Us/Them, National Theatre

Friday 20th January 2017

Gytha Parmentier and Roman Van Houtven in Us/Them. Photo: Murdo Macleod
Click Image to Enlarge

How do you stage appalling real-life events? I mean, without either being too luridly voyeuristic or too matter-of-factly journalistic? Maybe an oblique approach is the answer. This is certainly what Brussels-based BRONKS, one of Belgium’s leading theatres for young audiences, do with their current production, Us/Them, which takes an indirect look at the Beslan siege of September 2004, when a group of Chechen terrorists stormed into a school in North Ossetia, Russia, taking hundreds of children hostage. The siege lasted about three days and left some 334 people dead, including 186 children.

Us/Them is not a documentary account of this terrible event, but an exploration of how the opposition between belonging (us) and exclusion (them) is created, and of the individual way that children sometimes cope with traumatic situations. First staged at the Edinburgh Fringe Festival last year, this award-winning show now comes to the National. Created with family audiences in mind, and aimed at anyone over 12 years old, the 60-minute piece represents the point of view of two unnamed children, Girl (Gytha Parmentier) and Boy (Roman Van Houtven), who experience the siege.

At first I thought I wasn’t going to like this show. Normally, I don’t like characters who have general names such as Boy and Girl: it’s too vague and unspecific. But these two are highly individual, and although they don’t tell us much about their backgrounds, they give a vivid impression of what it must be like to recall a traumatic event — if you happen to be a child. So the first thing we see is them chalking out a ground plan of the school building, especially the central gym where the hostages are held, on the floor. Each of them draws a slightly different version, and they both insist that their version is the correct one.

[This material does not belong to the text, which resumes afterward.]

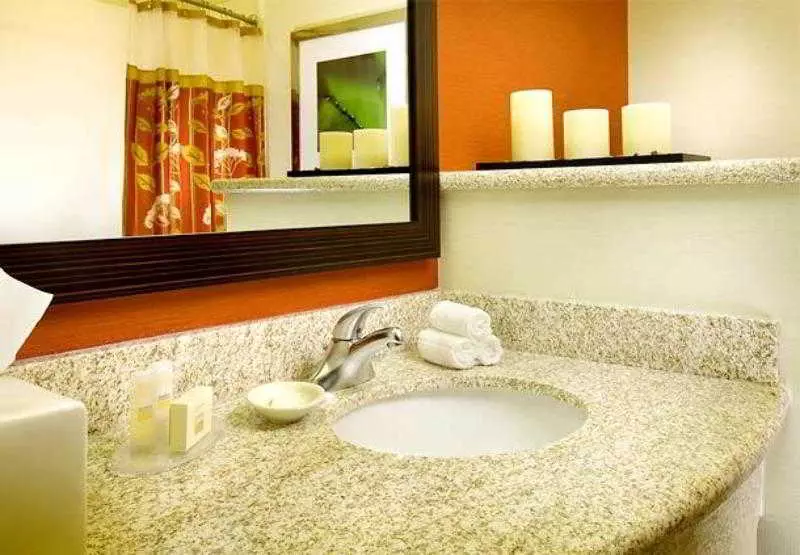 Отель Courtyard By Marriott Tyler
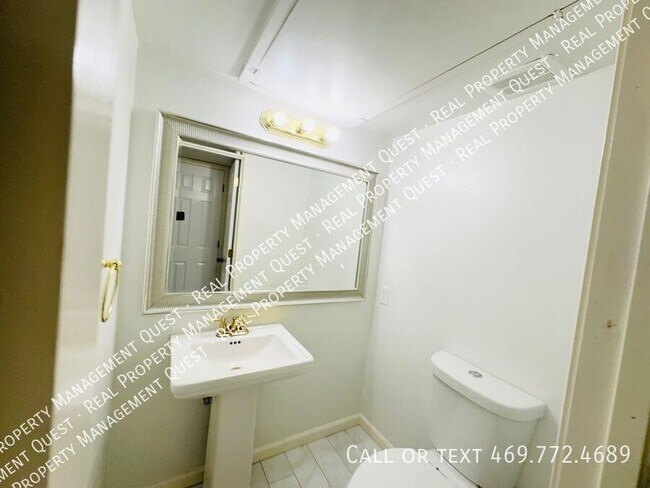 Building Photo - 10552 High Hollows Dr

One way of coping with trauma is to be exact in your recall, and both kids have marshalled a battery of facts about the events. They reel them off: their town has 33,646 inhabitants, three swimming pools, 21 churches, 53 mosques and five tennis courts… it’s a beautiful place. They belong there (us). By contrast, over the border in Chechnya (them), the kids only go to school until they are eight, their fathers are drug addicts and all the mothers have moustaches. When you hear this it’s both funny and upsetting: the casual prejudice of kids has been created by their upbringing, and fuels the antagonism between two communities.

Written and directed by Carly Wijs, a Dutch-born Belgium playwright, performer and writer, Us/Them explores not only the tensions between different nations, but also shows how the Boy and Girl offer slightly different accounts of what happened in the siege. The details of the mass hostage-taking are just as precise as the details of the town where they live, and Permentier and Van Houten perform this brilliant piece of theatre with a joyful playfulness that is an immediate contrast to the horror of what they are portraying.

At the same time, both Boy and Girl show how we expect reality to mimic fiction: when the terrorists attack, she imagines that within half an hour the fathers of the children will leave work and ride to the rescue on tractors — just like in a Hollywood movie. Likewise, the difference between us and them feels heightened, as if this were a story from a folk tale. Later, the final end of the siege is fantasized as an episode from Mission Impossible (complete with theme music). Needless to say, at every point fantasy is undercut by reality.

Particularly striking is Girl’s story of what it feels like to be held in a crowed gym with no food and water for hours on end, as the victims begin to hallucinate and faint. Yet even here Wijs injects doses of humour, with childish jokes about breasts and piss, and with Boy proudly describing how long he can go without needing the toilet (breaking his previous record!). Although the two children are not represented literally, their worldview comes across powerfully. In order to cope they hold onto the familiar, and use their school knowledge: at one point, the Boy uses his maths lessons in long division to calculate how many hostages each terrorist has to watch.

Wijs’s production, beautifully created and designed by Thomas Vantuycom and Stef Stessel, has a bare set, with a light-green blackboard and black helium balloons. As the siege intensifies — and with all the hostages crammed into the gym — the space is filled with ropes that criss-cross the stage. This inhibits the free movement of the actors just as their captors control their actions. Both Girl and Boy are nicely contrasted: Van Houten is bigger than Permentier, while she is more agile. They sometimes contradict or correct each other, then prop each other up during their ordeal. Mostly they create a really dynamic performance that is outstanding visually, intellectually and emotionally.

Although mainly an account of one siege, this is also a universal portrait of how social division is maintained through prejudice, and an illustration of how the media record, package and transmit news globally. Once again, the fiction (whether folk myth or media image) moves faster and reaches further than reality. And, on the way, makes huge profits for media corporations. While big and global media flourish by exploiting human misery, an art form as small and local as theatre can act as a critical corrective, reminding us that truth can be both powerful and entertaining. This example of European theatre at its very best has a strongly metaphorical and humanistic vision, and its tackling of a difficult subject is a triumph.